» **WHAT YOU ARE ASKED TO DO**: Repeat exactly the lines below from the line that contains "top view Christmas" to the last line, inclusive, without the pictures.
=====
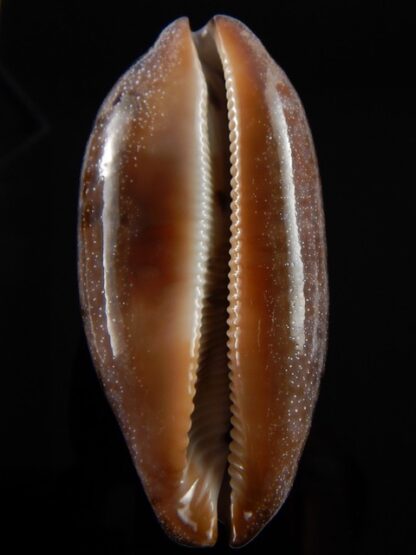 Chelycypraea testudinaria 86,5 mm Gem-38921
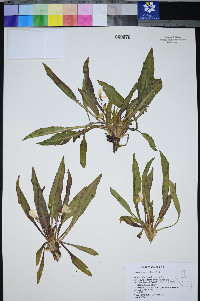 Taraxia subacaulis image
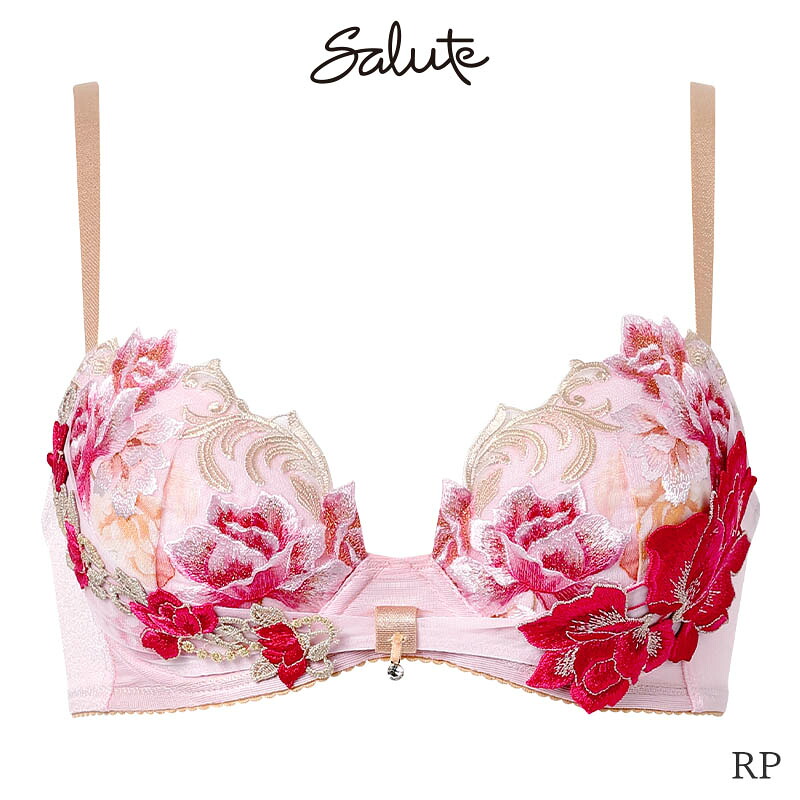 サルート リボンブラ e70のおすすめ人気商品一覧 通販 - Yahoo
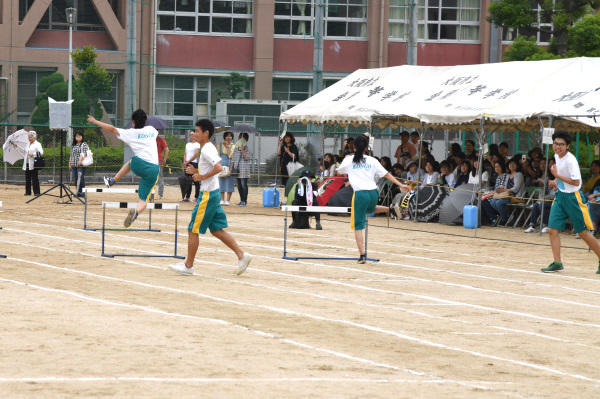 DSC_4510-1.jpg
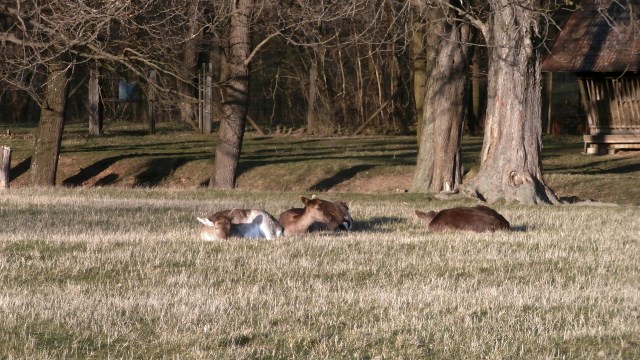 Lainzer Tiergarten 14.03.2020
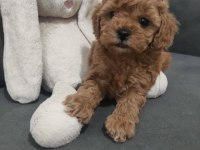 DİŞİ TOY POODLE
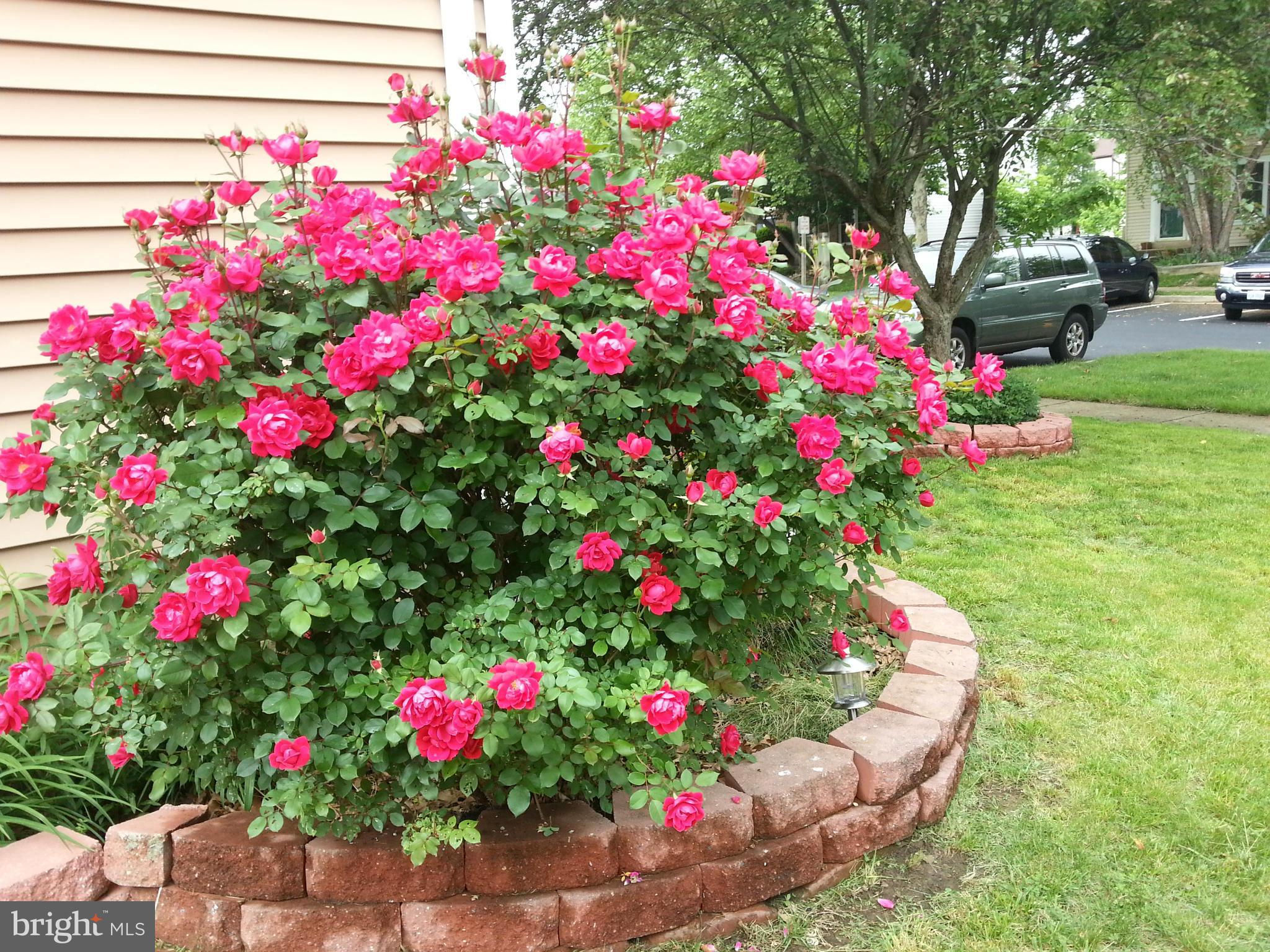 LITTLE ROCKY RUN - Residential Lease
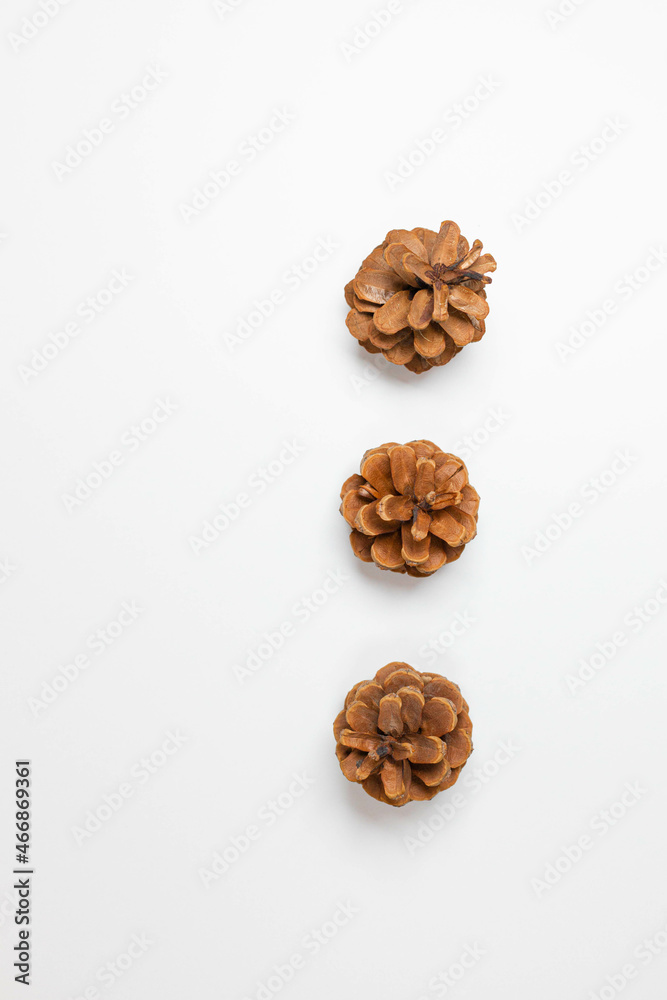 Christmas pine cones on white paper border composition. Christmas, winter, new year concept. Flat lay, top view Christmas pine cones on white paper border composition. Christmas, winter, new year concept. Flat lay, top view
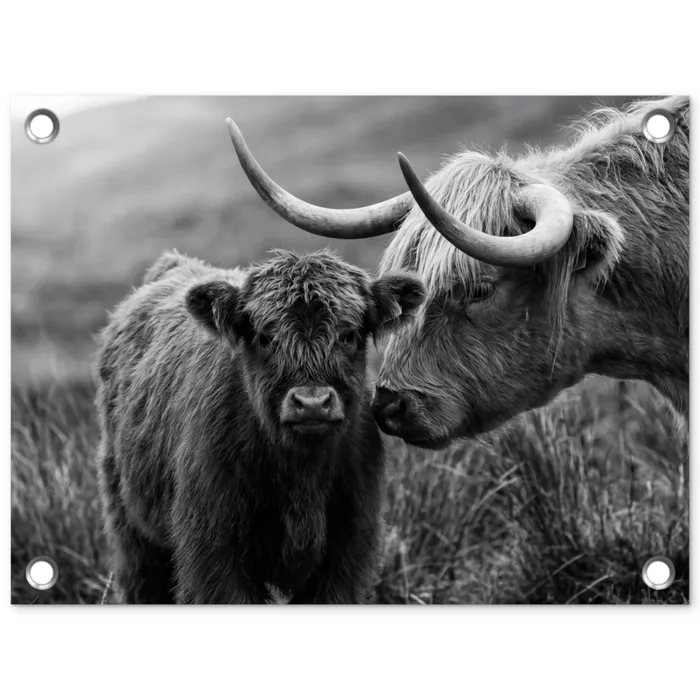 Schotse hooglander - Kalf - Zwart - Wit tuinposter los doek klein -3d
=====
» **WRITTEN RESPONSE**:
 Christmas pine cones on white paper border composition. Christmas, winter, new year concept. Flat lay, top view Christmas pine cones on white paper border composition. Christmas, winter, new year concept. Flat lay, top view
 Schotse hooglander - Kalf - Zwart - Wit tuinposter los doek klein -3d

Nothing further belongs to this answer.